The similar condition of invisibility and abandonment at sea now experienced by quarantined seafarers is only an intensification of the vulnerability constantly present in seafarers’ ordinary working conditions. Even at the best of times—that is, working on ships registered in countries which observe health and safety rules, and labour and environmental regulations—seafarers are constantly exposed to physical injuries and mental pressures. Cargo ships almost never have doctors onboard, not to mention ventilators or other sophisticated medical equipment. Living spaces are cramped and crew members share cabins with one another. If a seafarer is injured or becomes seriously ill, they almost always have to wait until arrival at a port that will allow disembarkation to be hospitalised or repatriated. Modern cargo ports are often far from city centres and turnaround times for ship loading and unloading is now so swift that seafarers rarely experience adequate shore leave. Ordinary crew members often spend nine months at sea and a month off, while officers have shorter—but still months-long—contracts. Everyday seafaring is hard work, contoured by exhausting schedules, loneliness while confined in close quarters, melancholy and anxiety. A survey commissioned by the International Transport-Workers’ Federation and conducted by Yale University has shown that more seafarers suffered from depression and have contemplated suicide than the general population or any other occupation.

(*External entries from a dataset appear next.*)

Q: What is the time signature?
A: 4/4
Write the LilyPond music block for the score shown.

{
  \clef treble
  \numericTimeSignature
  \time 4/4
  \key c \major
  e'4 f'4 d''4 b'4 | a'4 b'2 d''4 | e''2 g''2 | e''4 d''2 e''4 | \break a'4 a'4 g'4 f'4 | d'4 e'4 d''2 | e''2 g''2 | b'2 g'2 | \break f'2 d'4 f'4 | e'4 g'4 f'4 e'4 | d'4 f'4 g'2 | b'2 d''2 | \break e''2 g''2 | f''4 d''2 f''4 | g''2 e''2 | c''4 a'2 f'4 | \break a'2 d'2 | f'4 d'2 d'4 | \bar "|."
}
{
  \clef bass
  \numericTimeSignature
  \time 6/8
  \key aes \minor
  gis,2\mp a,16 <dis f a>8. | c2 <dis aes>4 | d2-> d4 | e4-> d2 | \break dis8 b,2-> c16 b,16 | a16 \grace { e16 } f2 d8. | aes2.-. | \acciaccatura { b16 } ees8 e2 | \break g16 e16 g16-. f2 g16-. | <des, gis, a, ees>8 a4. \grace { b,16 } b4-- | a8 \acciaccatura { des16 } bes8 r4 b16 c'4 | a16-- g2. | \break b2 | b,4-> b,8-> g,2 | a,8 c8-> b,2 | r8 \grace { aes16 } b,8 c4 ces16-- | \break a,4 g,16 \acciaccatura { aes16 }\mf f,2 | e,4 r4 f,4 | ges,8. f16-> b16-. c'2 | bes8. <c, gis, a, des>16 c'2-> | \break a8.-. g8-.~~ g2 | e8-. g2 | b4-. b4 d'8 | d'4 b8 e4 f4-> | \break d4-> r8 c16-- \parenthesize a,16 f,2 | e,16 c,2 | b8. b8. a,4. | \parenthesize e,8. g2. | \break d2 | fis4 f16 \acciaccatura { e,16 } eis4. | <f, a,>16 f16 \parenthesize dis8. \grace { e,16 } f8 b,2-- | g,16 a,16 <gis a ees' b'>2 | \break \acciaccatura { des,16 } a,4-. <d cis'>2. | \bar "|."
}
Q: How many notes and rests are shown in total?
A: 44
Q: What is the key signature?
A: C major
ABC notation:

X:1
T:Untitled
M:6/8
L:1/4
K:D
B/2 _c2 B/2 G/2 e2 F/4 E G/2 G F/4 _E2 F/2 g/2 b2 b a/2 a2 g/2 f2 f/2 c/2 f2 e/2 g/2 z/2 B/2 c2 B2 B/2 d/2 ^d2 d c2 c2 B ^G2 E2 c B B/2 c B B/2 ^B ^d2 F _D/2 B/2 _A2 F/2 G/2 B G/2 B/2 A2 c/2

In a pandemic, with cities and borders closed, shore leave and crew changes not permitted by transit ports, welfare visits to ships disallowed, and no clear or consistent end in sight for such restrictions, the world’s 1.6 million seafarers have been feeling anxious—about their own fate, about their families’ health, about their income now and availability of work in the near future. Predictions about when or how global trade may recover are at best wildly speculative. At this moment, the only thing we know for certain is that the very scale and scope of mobility that has so dramatically defined this age of trade is also the factor that undergirds the abandonment and isolation of seafarers aboard ships. In what ways this moment will redefine the parameters of work, encourage yet more fantasies of automation or economies of scale, or ignite new waves of political mobilisation among seafarers remains to be seen.